Replying to Avatar Lyn Alden

There are 60 million millionaires in the world, and every single one of them has a store of value problem. And so does everyone else in the world.

The cost to ship a sizable amount of gold internationally costs hundreds of thousands or millions of dollars. Even if you just buy hundreds of thousands of dollars worth of gold domestically and bring it home, you're paying a spot markup of thousands of dollars. The cost to close a luxury mansion real estate deal (which many wealthy people just own and leave empty as a store of value) can be hundreds of thousands of dollars or more, and then depending on their jurisdiction they pay hundreds of thousands of dollars per year in property taxes on it. An international wire transfer often costs like $30 and takes days and is entirely permissioned/centralized/credit-based. Credit card fees are like 3%. The global banking industry generates hundreds of billions of dollars in fees per year even though it's all centralized.

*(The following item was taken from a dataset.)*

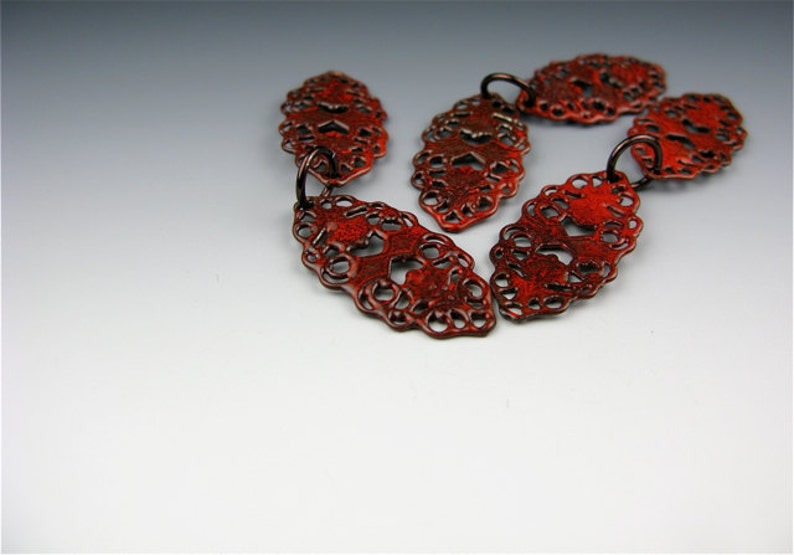 Enameled Oval Filigree / Orient Red Enamel / Made to order image 1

Bitcoin is a decentralized global liquid store of value and settlement network. You can send money to any internet-connected person in the world generally in an hour or less depending on desired block confirmations. You can indefinitely self-custodially store value in a unit that is scarcer than gold and scarcer than real estate and that unlike both gold and real estate is globally portable. It currently costs like $35 to do this and everyone is losing their minds at how expensive that seems. But $35 is an *outstanding* price for this service, and in ten years I have no idea what the price will be but there are many scenarios where it could be way higher.

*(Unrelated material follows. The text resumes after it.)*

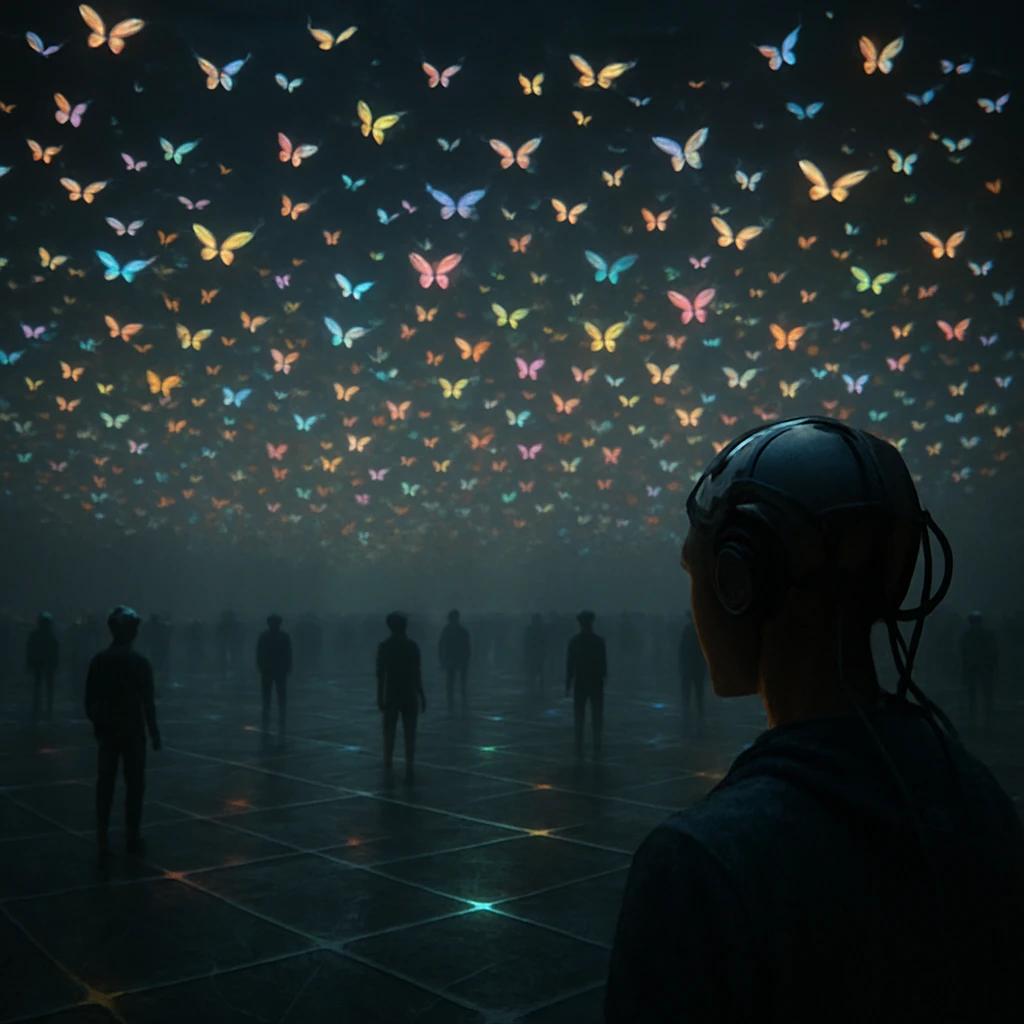 無数の発光する蝶のような生物が暗いコンサートホールの空間を群れ飛び、その下で神経装置をつけた観客が見守る様子のリアルな写真。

Right now, bitcoin fees are higher than normal because people are trading frogs on the timechain and so forth. But regardless, people need to be ready for the prospect of sustained high fees if bitcoin adoption continues to grow structurally with limited block space. This means users, developers, businesses, etc. To put it into this bigger context, fees are still insanely cheap compared to other alternatives listed above that give similar store of value and global payment properties at scale.

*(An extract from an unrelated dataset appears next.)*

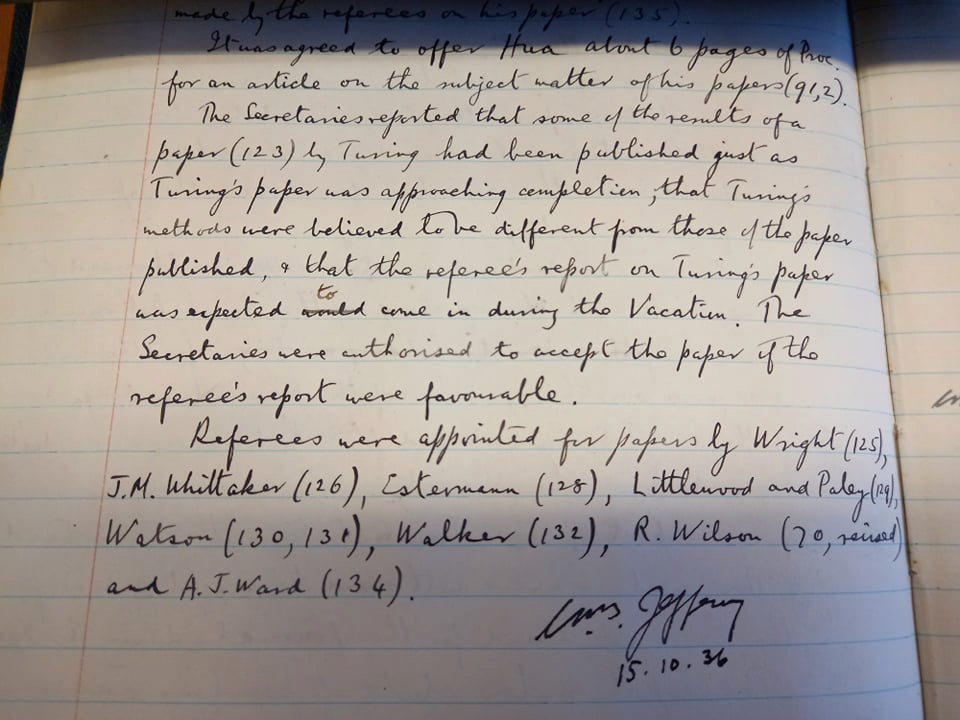visited @LondMathSoc's De Morgan House today, looking for archival documents related to Turing's 1936 with the help of @JanetJanFoster the familiar story about the submission of Turing's paper shows up in the minutes of the council meeting (details in further tweets) 1/3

I'm a bit surprised fees haven't *already* been $35 on a regular basis by now. So to flip it around; fees aren't expensive because there are frogs on the timechain; fees are still cheap because relatively few people are using bitcoin to send and store money compared to the total addressable market that could be doing so.

Does this price out small users? Unfortunately, yes. That's where layers come in, and the options vary depending on if someone is a power user or not. Hal Finney wrote about that in 2010; it's not a new narrative.

A couple Lightning channels can open a lot of payment liquidity for you. Sidechains like Liquid didn't get much attention when fees were low but now people are giving them a second look. Chaumian mints allow communities around the world to set up their own community banks/custodians with built-in privacy. Places like Cash App allow people to buy bitcoin with decent custodial assurances run by serious people (eg it's not some crazy-haired idiot in the Bahamas). These are all tools that people can use to have bitcoin price exposure, pay in bitcoin, etc. And a unique aspect of bitcoin is the ability to split control. Multi-institution multi-sigs, or federated sidechains: the fact that ownership can be broken into several different entities is not something available to gold or similar assets, and yet a lot of people take it for granted on bitcoin. These are all tools that businesses can offer and people can use for smaller amounts, and then pull into on-chain self-custody if they have a sizable balance for longer-term storage.

In the future, some soft forks or non-form upgrades might allow other types of models. I think the ecosystem is still in its infancy. But in the meantime, it helps to have perspective on what bitcoin offers compared to alternatives, and to be realistic about the long-run inevitability of substantial base-layer fees if any meaningful adoption becomes sustained, and thus the importance of preparing for them.